01. Intro
02. Soil Of Sin
03. Headhunter
04. No One Hears
05. The Face Of Betrayal
06. As Fire
07. The Shining Delight
08. An Eternal Belief
09. Morbeea
10. Redimus
11. Choose Misanthropy
12. Overriding Imagination

RATING: 2/10

You should never judge a book by its cover, of course. Neither then, should you judge a band like HECATE ENTHRONED by the intricacy of their album cover art, which depicts angels and demons sparring mightily in the heavens above a sleepy countryside scene. As a piece of gloomy illustrative work, this is pretty impressive as the one-time heirs elect to the British black metal throne occupied by CRADLE OF FILTH (who once featured former HECATE ENTHRONED member Jon, incidentally), HECATE ENTHRONED are anything but impressive.

Think back to a time when the corpse paint was as thick as it is now, but none of the black metal fraternity really knew their way around their instruments. This is where "Redimus" fits right in with all its clumsy, over-ambitious, poorly executed methodology. As an album, it doesn't really warrant the intro of spooky ambience (helpfully titled "Intro") because there's nothing of any substance to build up to. "Soil Of Sin"? A collision of predictable one-fingered keyboard stabs and generic guitars. Sinful, indeed. And as soiled as a public bathroom during a dysentery outbreak. "No One Hears"? You really shouldn't really have to, but check out the disastrous drumming anyway.
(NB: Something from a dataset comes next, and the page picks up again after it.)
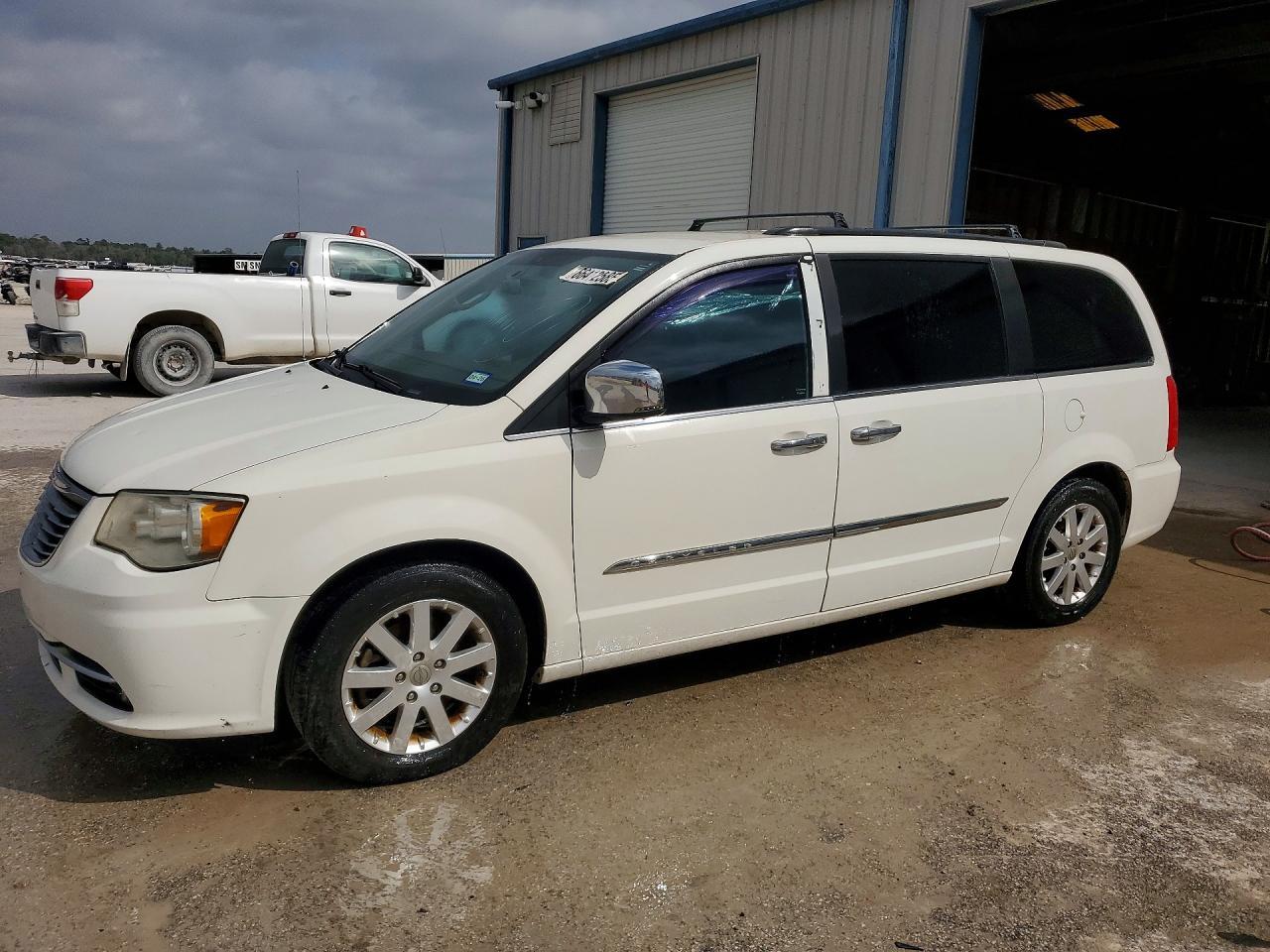 2012 Chrysler Town & Country Touring L - Фото 4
It's hard to choose between that and the rest of the band for who comes up with the worst performance.

Satan enthusiasts — like many advocates of religious practices to this particular reviewer — were always prone to bullshitting anyhow, but to state, as the HECATE ENTHRONED publicity blurb does, that "Redimus" possesses "a massive guitar and drum sound" must be one of the greatest lies ever told. OK, so there's some instrumental separation here, but that's nothing to shout about when the general sound is barely big enough to tickle you gently. Where's the ominous crescendo of sound that should lead the acoustic intro into bellowing guitars on "As Fire"? Is a volley of symphonic bombast here and there too much to ask for? What exactly has producer Phil Green (?) been paid for?

Ultimately, "Redimus" must go down as one of the least threatening black metal albums of all time. Say what you like about CRADLE OF FILTH, but at least they know how to make an occasion of their albums. If Dani Filth hears this, he'll be pissing his spiky little codpiece with laughter.